The man who worked for 50 years at the Navy Public Works Department here passed away late last year and, through a diplomatic handoff not unlike the return of Cuban asylum seekers who don't meet U.S. requirements, his remains were returned through the Northeast Gate for burial in his hometown, Caimanera.

McPherson had been a day-worker on on the base since 1943, a so-called commuter. By 1968 he tired of the conflict that had seen Castro complain that the United States was stealing water and the United States build its own desalination plant. So he requested asylum here, never went home, and retired from government work in 1993. He continued to live in base housing, considered an unofficial historian, under a pledge from the Navy secretary.

A CRYPTIC MESSAGE

U.S. diplomats and military officers here learned of a pending change in Castro's representative to talks with the U.S. military through a cryptic message via a computer link that U.S. and Cuban officers use to avoid misunderstandings over the minefield.

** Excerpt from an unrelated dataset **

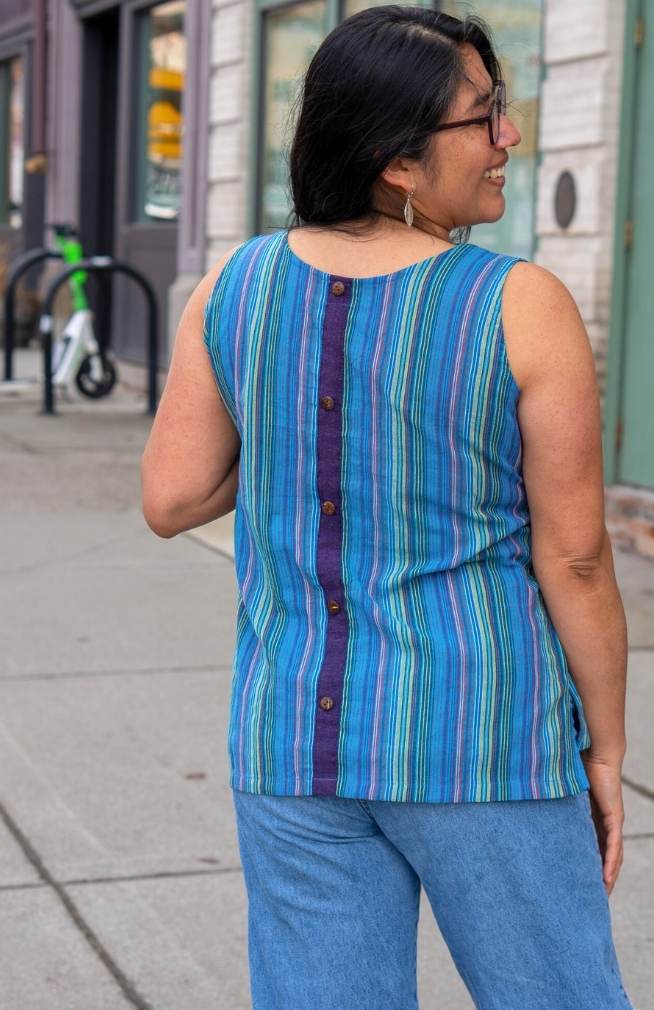 cotton assorted stripe tank top with contrast stripe and faux buttons down back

Cuban army Brig. Gen. José Solar Hernández added his impending retirement to the agenda of last month's regular fence-line meeting.

Solar was only the second Cuban commander to engage the Americans since the two sides instituted the fence-line meetings amid the rafter crisis of the mid-1990s.

Solar introduced the Cuban navy officer who is now the main interlocutor between the Pentagon and the Cuban military, Capt. Pedro Roman Cisneros.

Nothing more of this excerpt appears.